INSTRUCTIONS TO FOLLOW: The expected output is every record below, transcribed exactly, with the pictures left out.

Data excerpts
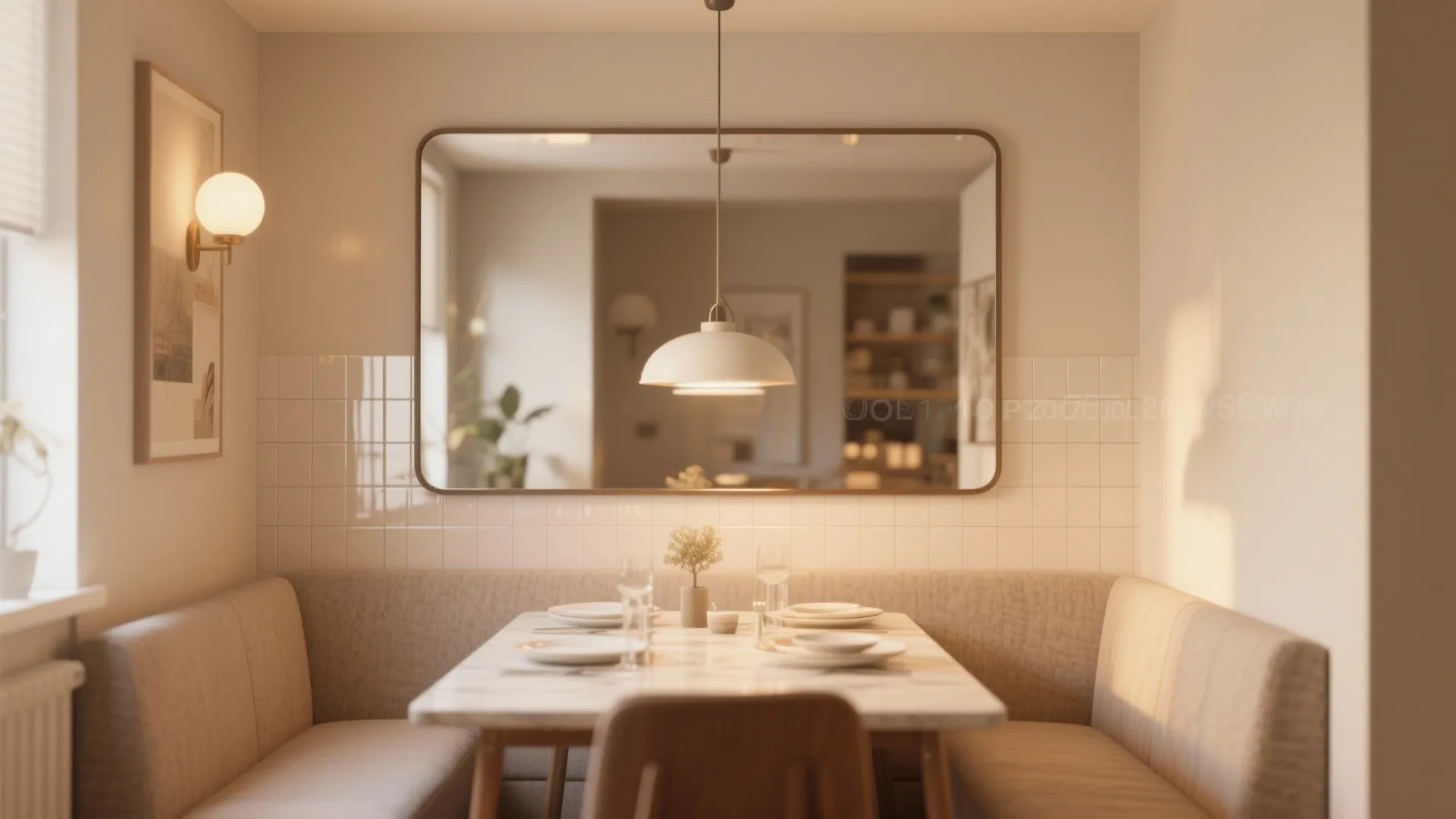 3. Mirrors and reflective finishes to amplify light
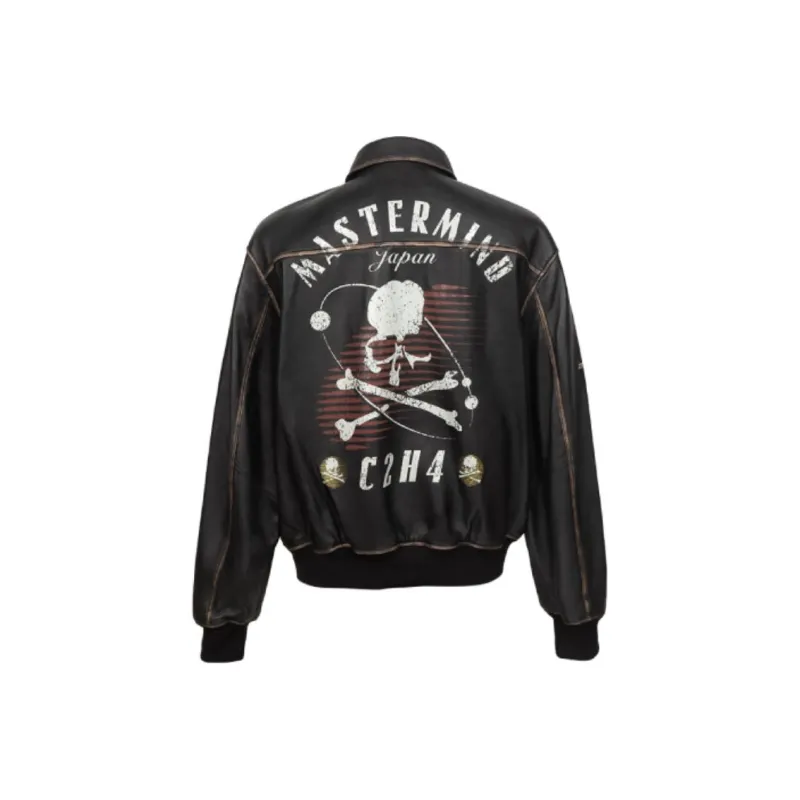 Mastermind Japan X C2H4 Washed Leather Jacket-0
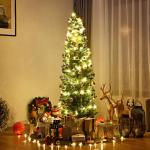 Weihnachtsbaum künstlicher Baum, Grüner Bleistift Schlanker Weihnachtsbaum(8FT/2.4M)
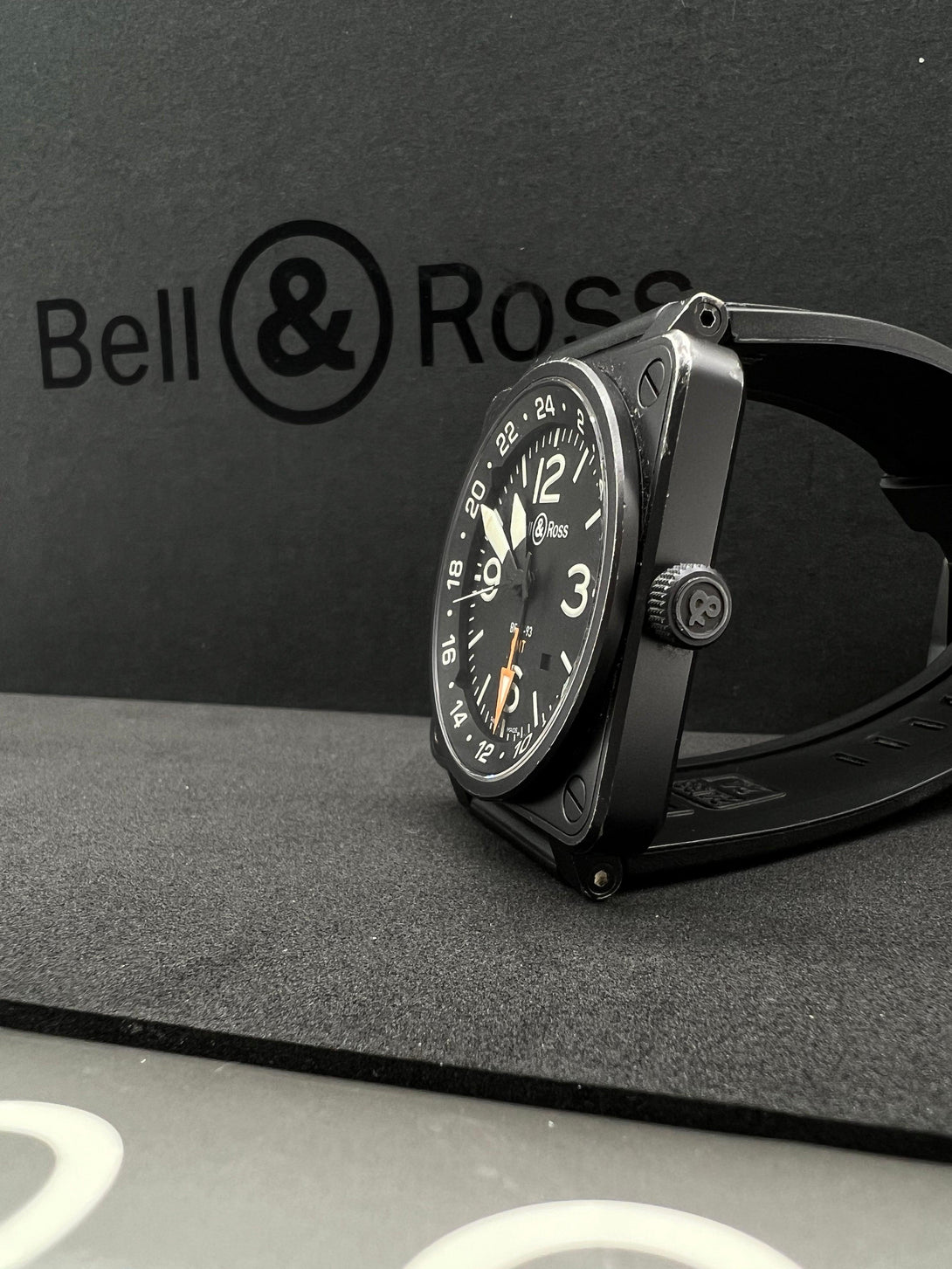 BELL & ROSS BR0193 Black PVD GMT 46mm Automatic Watch - Reeluxs 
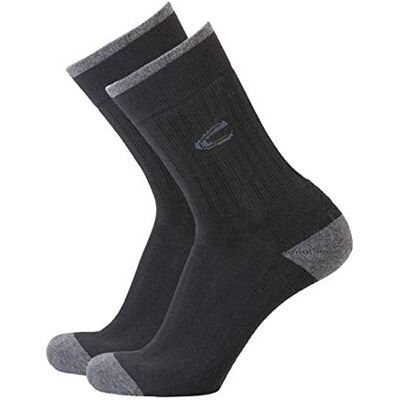 camel active Men's Sports Socks Pack of 2, černá camel active Men's Sports Socks Pack of 2, černá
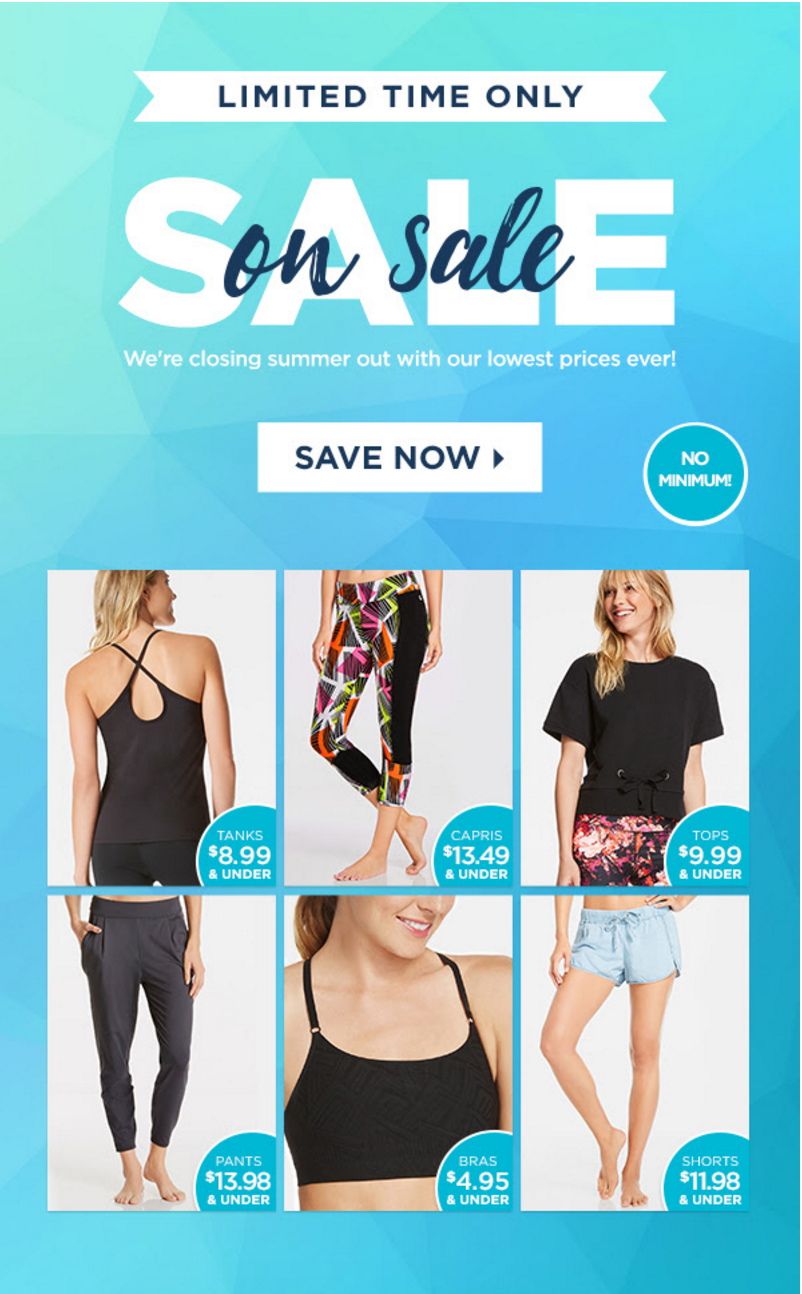 Fabletics Sale on Sale – Summer Clearance!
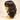 Soft curly dark brunette synthetic sample wig shown from a three-quarter side view.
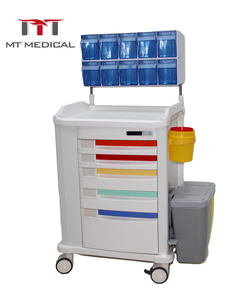 Chariot médical réglable en ABS pour usage médical, chariot d'urgence, chariot <span class=keywords><strong>de</strong></span> soins infirmiers, chariot <span class=keywords><strong>de</strong></span> <span class=keywords><strong>travail</strong></span> CE, prix abordable - Product Image 2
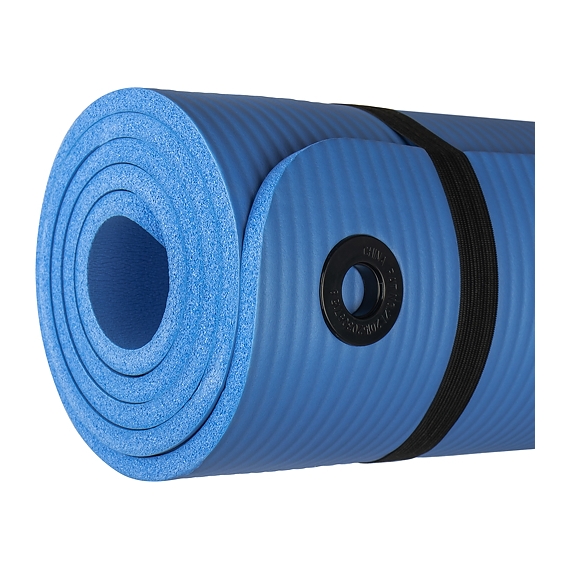 Коврик для йоги и фитнеса sundays fitness ir97506 голубой %Future_395 (фото 2)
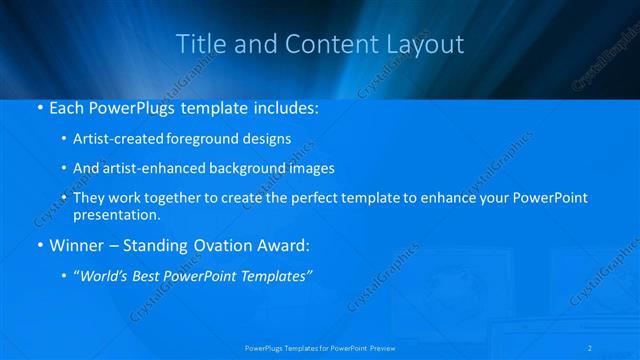 Title and Content presentation slide layout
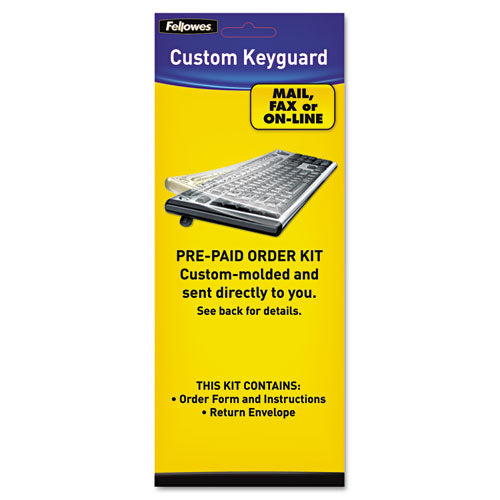 Fellowes - Keyboard Protection Kit, Custom Order, Polyurethane, Sold as 1 EA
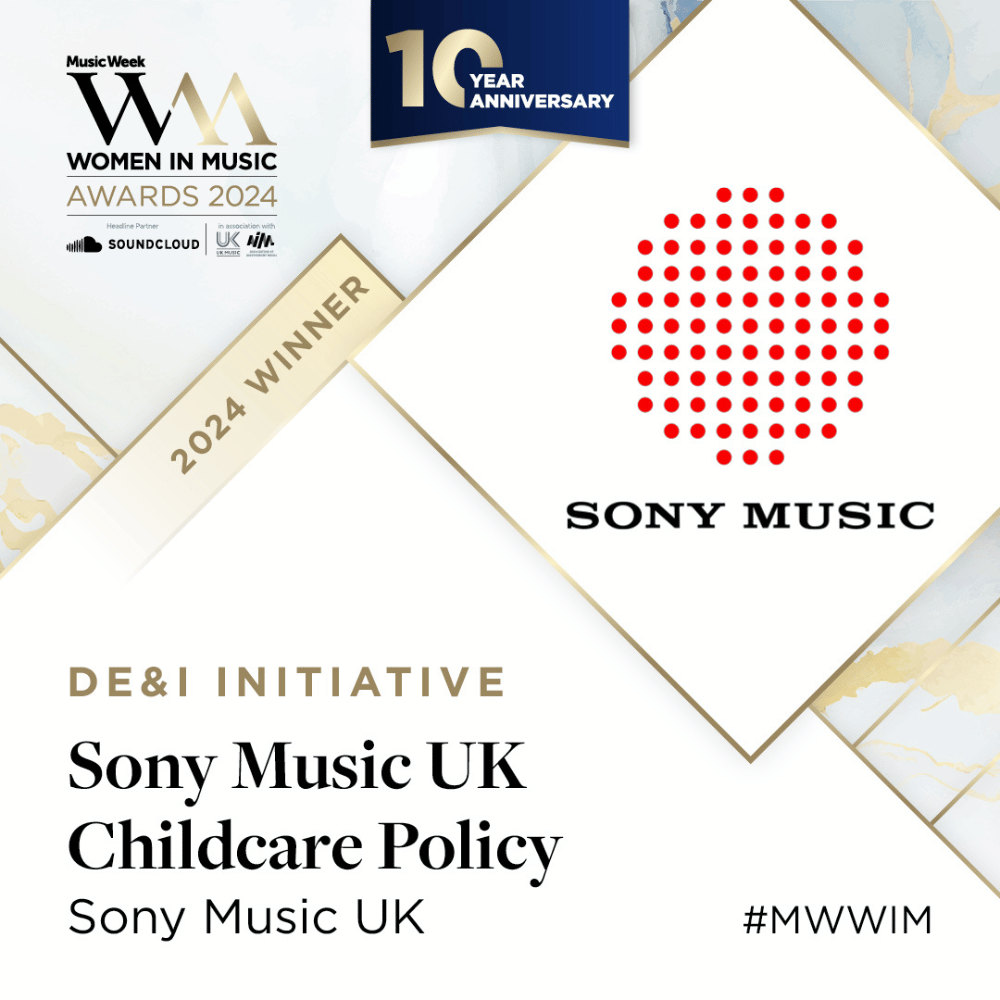 Sony Music UK’s childcare policy wins at Music Week’s Women in Music Awards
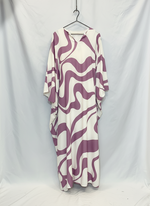 ABAYA MAWJA – Abaya papillon fluide à imprimé ondulé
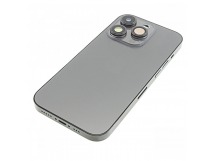Задняя крышка для iPhone 14 Pro (черный) в сборе, ориг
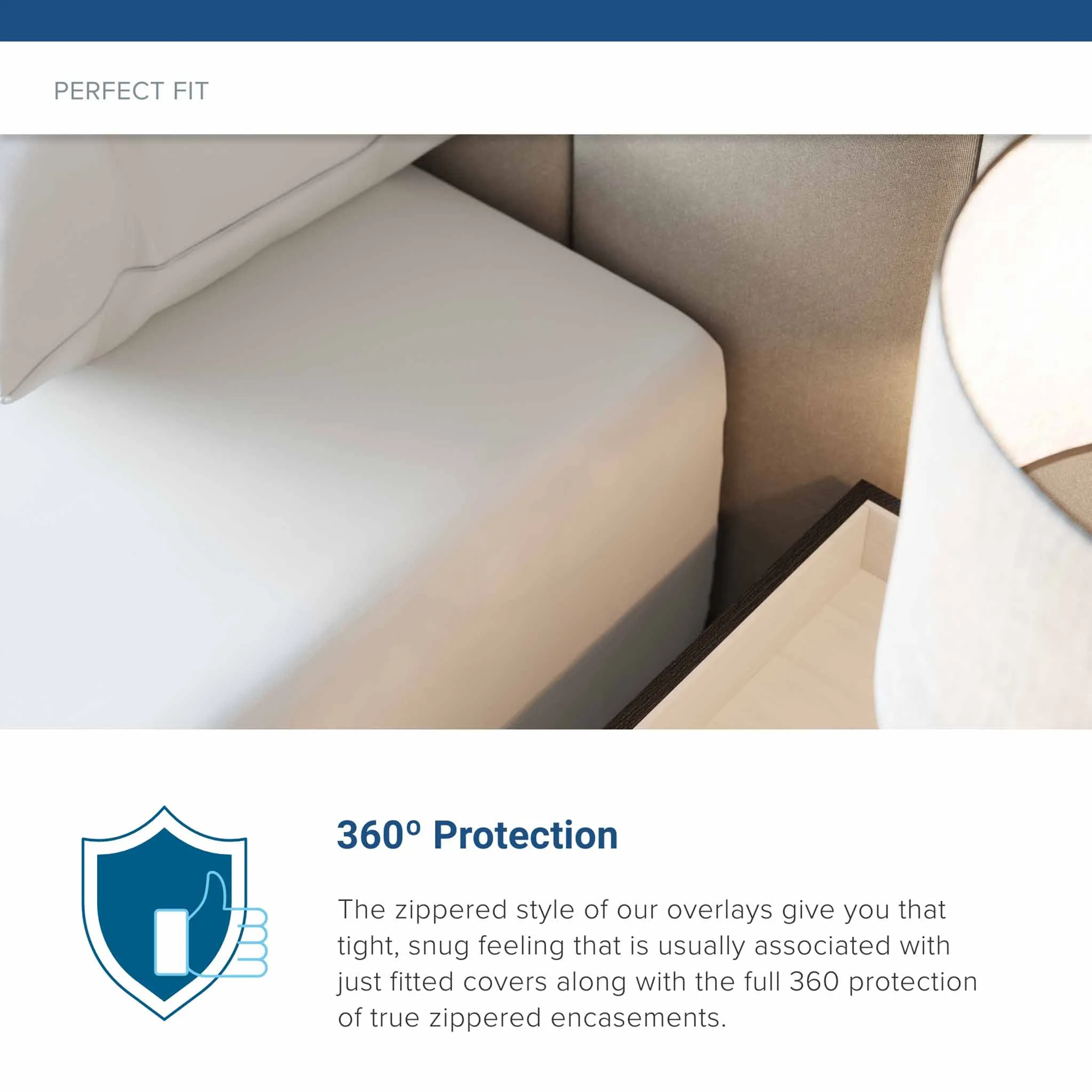 BedBug Solution™ 6 Gauge Vinyl Mattress or Box Spring Encasement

FINISHED EXERCISE:
 3. Mirrors and reflective finishes to amplify light
 Mastermind Japan X C2H4 Washed Leather Jacket-0
 Weihnachtsbaum künstlicher Baum, Grüner Bleistift Schlanker Weihnachtsbaum(8FT/2.4M)
 BELL & ROSS BR0193 Black PVD GMT 46mm Automatic Watch - Reeluxs 
 camel active Men's Sports Socks Pack of 2, černá camel active Men's Sports Socks Pack of 2, černá
 Fabletics Sale on Sale – Summer Clearance!
 Soft curly dark brunette synthetic sample wig shown from a three-quarter side view.
 Chariot médical réglable en ABS pour usage médical, chariot d'urgence, chariot <span class=keywords><strong>de</strong></span> soins infirmiers, chariot <span class=keywords><strong>de</strong></span> <span class=keywords><strong>travail</strong></span> CE, prix abordable - Product Image 2
 Коврик для йоги и фитнеса sundays fitness ir97506 голубой %Future_395 (фото 2)
 Title and Content presentation slide layout
 Fellowes - Keyboard Protection Kit, Custom Order, Polyurethane, Sold as 1 EA
 Sony Music UK’s childcare policy wins at Music Week’s Women in Music Awards
 ABAYA MAWJA – Abaya papillon fluide à imprimé ondulé
Задняя крышка для iPhone 14 Pro (черный) в сборе, ориг
 BedBug Solution™ 6 Gauge Vinyl Mattress or Box Spring Encasement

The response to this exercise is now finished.